TKF: The Allen Institute is doing that, but it is just one private institution. Are there other promising examples?

VOGELSTEIN: The Howard Hughes Medical Institute has a really wonderful open-science policy. IARPA [Intelligence Advanced Research Projects Activity], which has a program that seeks to reverse-engineering the algorithms of the brain, is requiring a massive open data-collection effort. In all these cases, it’s the funders that are making open data a priority, just as the National Science Foundation did for cosmology. The National Institutes of Health (NIH) seems willing to follow suit.

KOCH: We’ll see how far the NIH will go. As we all know, putting data online isn’t as easy as saying, “Here’s an Excel sheet.” You have to annotate it, curate it and be ready to answer questions about it. So it takes real resources. If there isn’t specific money allocated to support it, people would rather spend their time doing experiments.

VOGELSTEIN: Let’s not forget that you don’t have to make data open-access just because you’re a good-natured human being. There are real incentives to do so that count in today’s publish or perish world. If you publish data that’s really useful, lots of people will cite it. As Alex pointed out, the Sloan Digital Sky Survey has been cited more than 200,000 times! There are examples from neuroscience, too, such as the Human Connectome Project, which is creating a wiring diagram of the human brain and releases those data publicly.

TKF: The Sloan Digital Sky Survey also made astronomy a truly global science. Today, the collaboration includes 51 member institutions and a thousand scientists from around the world.
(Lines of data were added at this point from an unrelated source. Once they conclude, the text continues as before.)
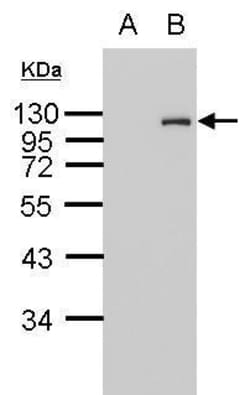 Invitrogen&trade;&nbsp;HA Tag Polyclonal Antibody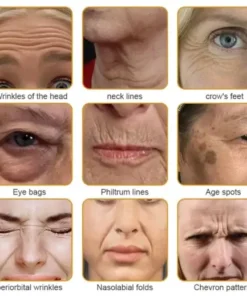 Skin Treatment Cream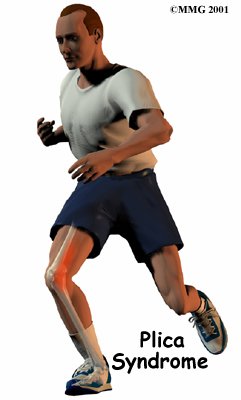 Pica Knee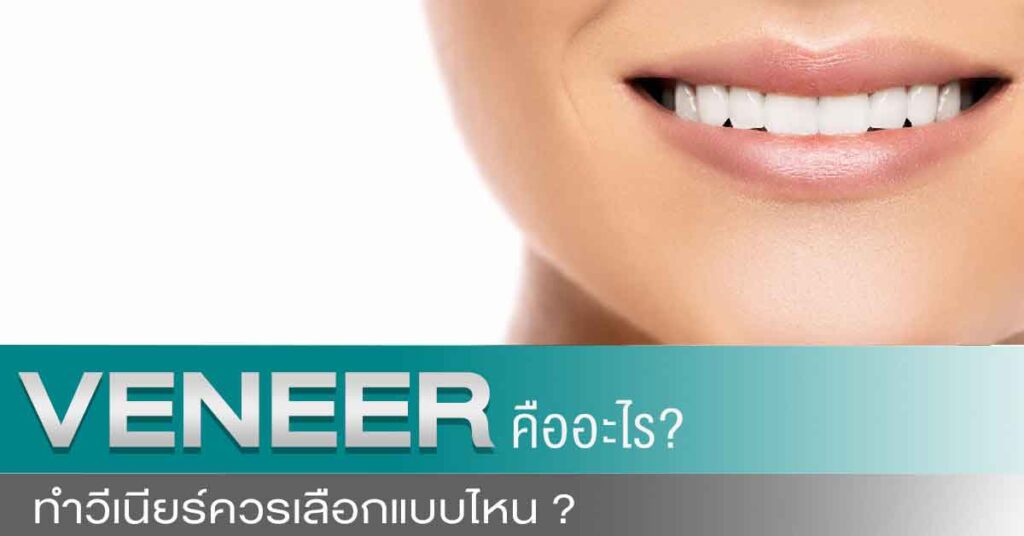 ceramic-composite-veneer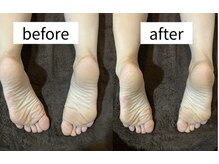 骨盤のゆがみが揃う！確かな技術をお届けします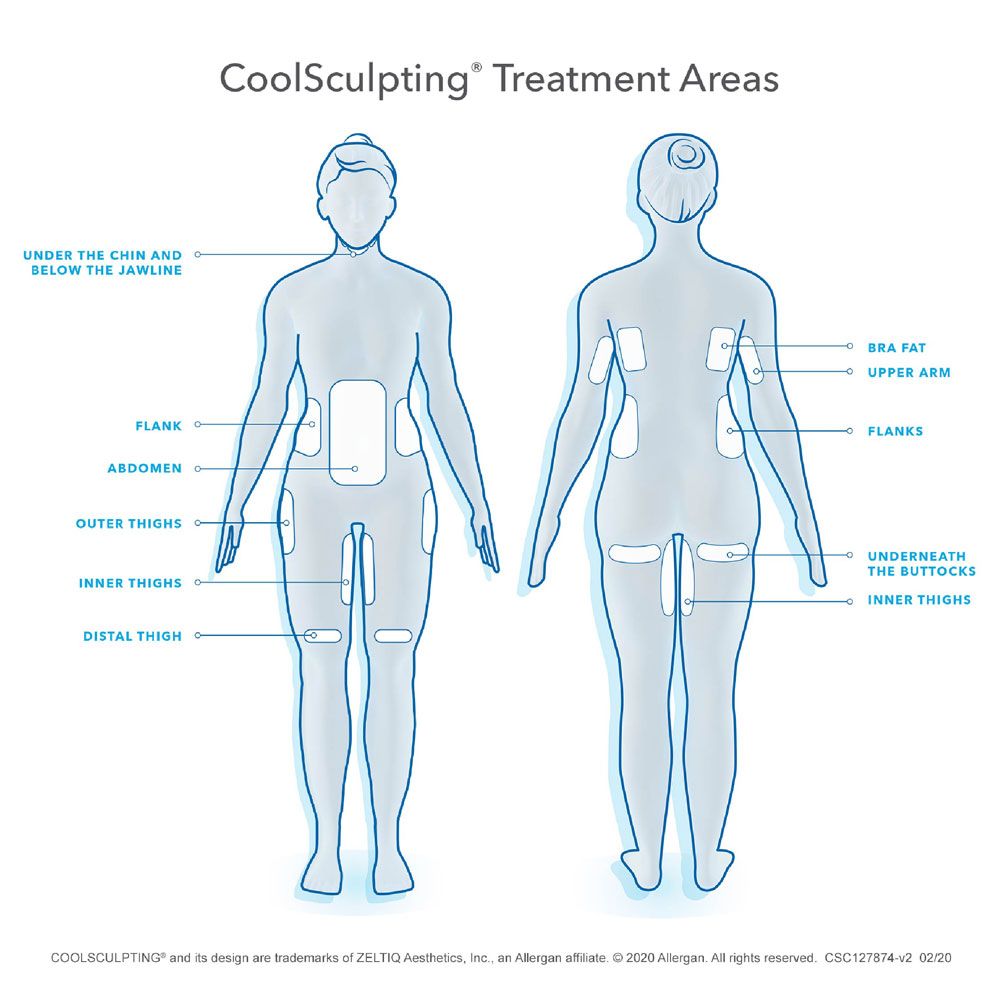 treatment areas for coolsculpting body diagram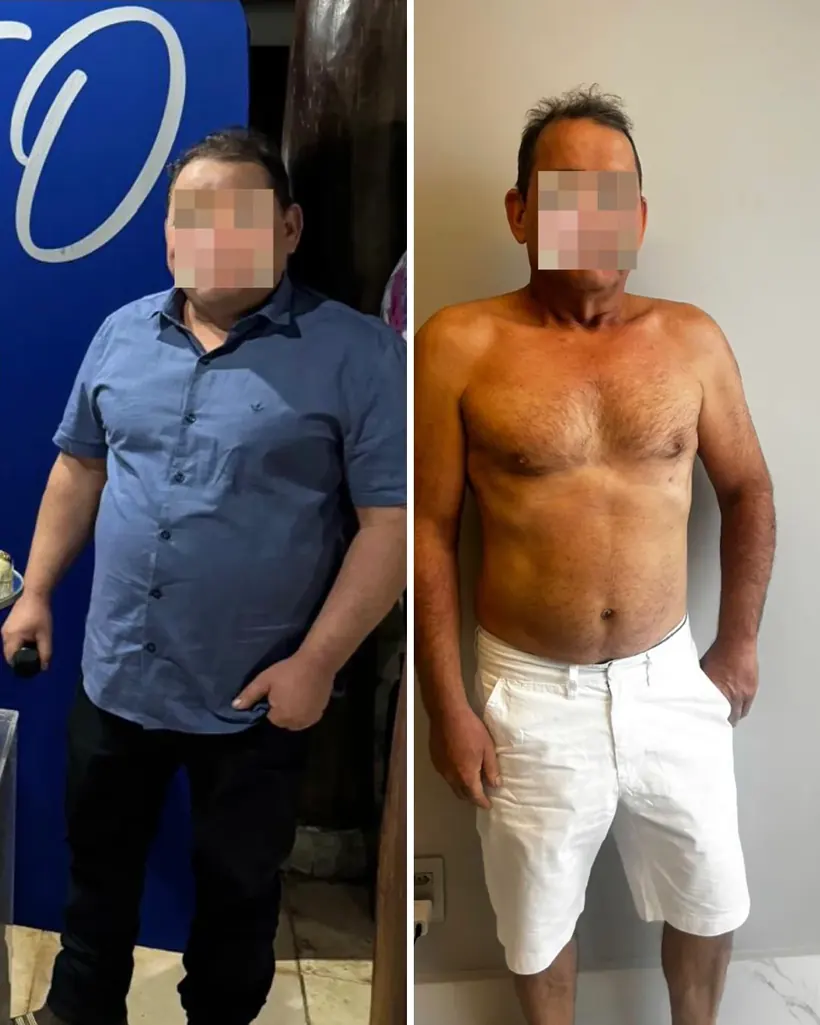 Antes e depois — caso 2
Joshua, you have recently been involved in discussions about establishing a global brain initiative. What impact could data sharing have internationally?
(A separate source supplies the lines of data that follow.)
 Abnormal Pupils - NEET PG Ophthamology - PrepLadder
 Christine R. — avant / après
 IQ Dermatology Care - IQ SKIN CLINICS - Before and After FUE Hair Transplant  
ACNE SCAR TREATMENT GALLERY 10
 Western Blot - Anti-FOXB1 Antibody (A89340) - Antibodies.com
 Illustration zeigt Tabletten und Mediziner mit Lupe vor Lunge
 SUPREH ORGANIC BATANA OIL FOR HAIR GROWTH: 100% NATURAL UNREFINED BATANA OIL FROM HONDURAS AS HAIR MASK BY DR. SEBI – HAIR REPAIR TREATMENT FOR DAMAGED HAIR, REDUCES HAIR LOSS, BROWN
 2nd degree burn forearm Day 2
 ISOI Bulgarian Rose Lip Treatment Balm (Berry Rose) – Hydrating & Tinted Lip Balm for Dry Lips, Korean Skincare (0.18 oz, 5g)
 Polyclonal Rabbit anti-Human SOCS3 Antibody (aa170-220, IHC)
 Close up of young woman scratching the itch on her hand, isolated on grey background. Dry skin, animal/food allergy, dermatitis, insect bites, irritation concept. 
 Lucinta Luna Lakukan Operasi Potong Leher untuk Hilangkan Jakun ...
VOGELSTEIN: There are thousands, even tens of thousands, of scientists out there who would love to be working on neuroscience, but the research costs are too high. Making data available really opens the door to democratizing science by lowering the barriers to entry. You no longer need access to millions of dollars to do the best neuroscience research in the world. You just need Internet access and a really great idea.
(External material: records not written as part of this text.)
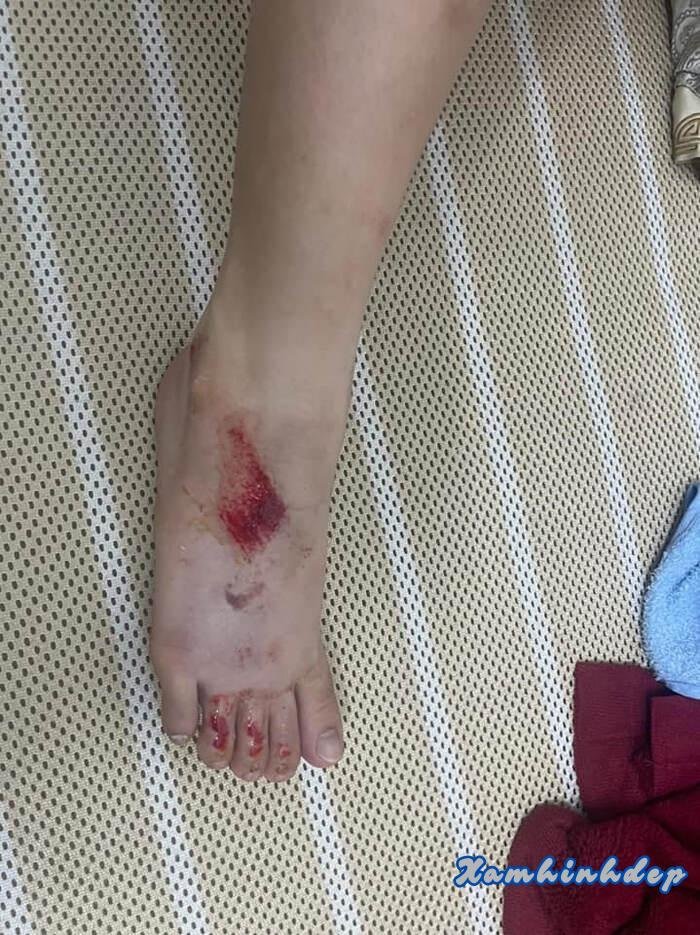 ảnh ngã xe 5d full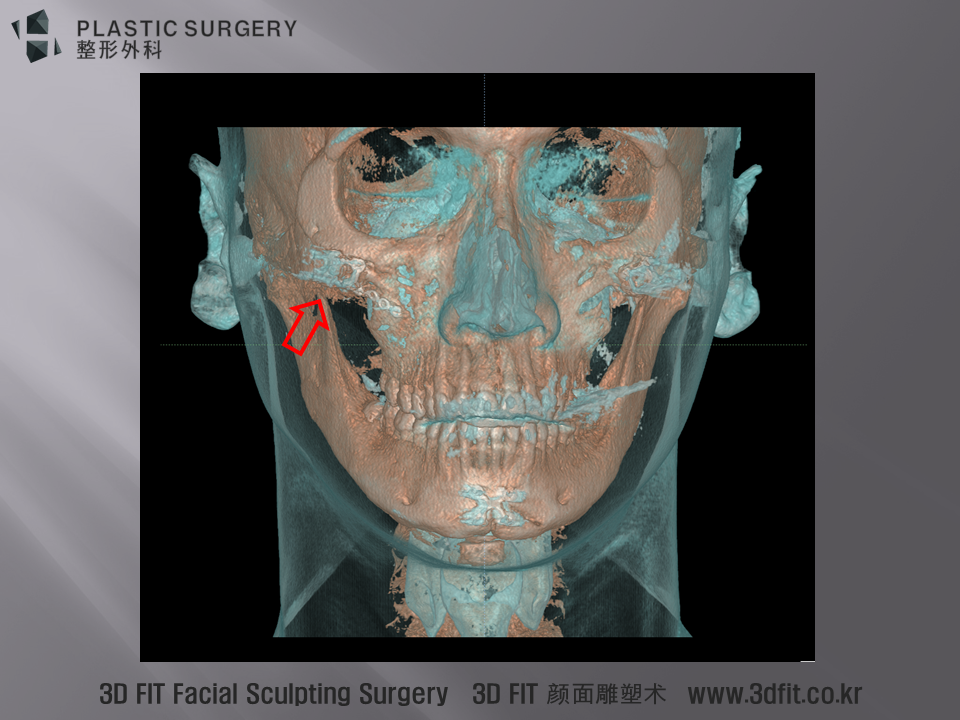 조금은 특이한 경우 입니다. 피하기종 (Subcutaneous Emphysema) 가 우측 광대상부에 관자놀이 부위에 발생한 경우 입니다.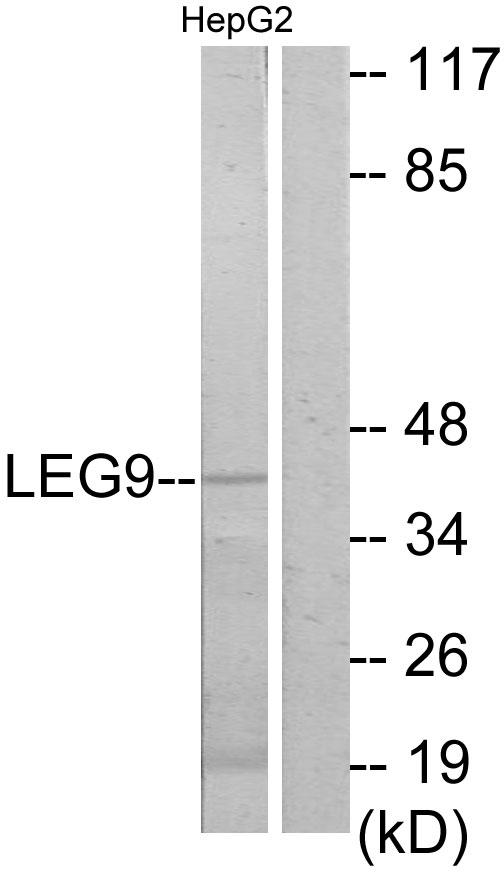 LGALS9 / Galectin 9 Antibody - Western blot analysis of extracts from HepG2 cells, using LEG9 antibody.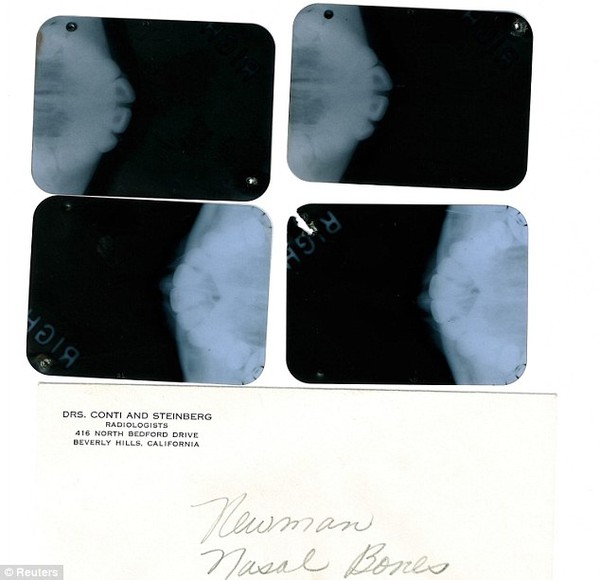 Lộ phim chụp X quang cho thấy Marilyn Monroe đã từng phẫu thuật thẩm mỹ 4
“Making data available really opens the door to democratizing science by lowering the barriers to entry. You no longer need access to millions of dollars to do the best neuroscience research in the world. You just need Internet access and a really great idea.”—Joshua Vogelstein

TKF: Joshua, you also planned a meeting this year that led to the idea of “The International Brain Station” that could help break down barriers to data sharing in neuroscience. Can you describe the vision and what it could achieve?

VOGELSTEIN: The kernel of the idea is based on a view of the scientific process as an “upward spiral”: a collective effort where each new experiment yields data, upon which analysis is performed, leading to new or refined models, which suggest novel experiments. The goal of the The International Brain Station (TIBS) is to build technology that would democratize brain science, so that all brain scientists—professional and otherwise—can build on the shoulders of one another. To make that a reality, TIBS would enable “cloud neuroscience,” meaning that the data, the code and the analytic results from neuroscience experiments all live in the cloud together, where it could be accessed by anyone.

TKF: Alex, what lessons can neuroscientists learn from astronomy about how to shift data-sharing into high gear?

SZALAY: One of the lessons we learned is that nothing has to “go to eleven,” as in the movie Spinal Tap. You just have to create something that is good enough, say “up to nine.” So when you process data on such a large scale, the data don’t have to be absolutely perfect. Neuroscientists have to find the trade-off between perfection and the time and cost associated with making the data available. What is most important is to process the data in a very consistent, standardized way, and earn the TRUST of the community in the process.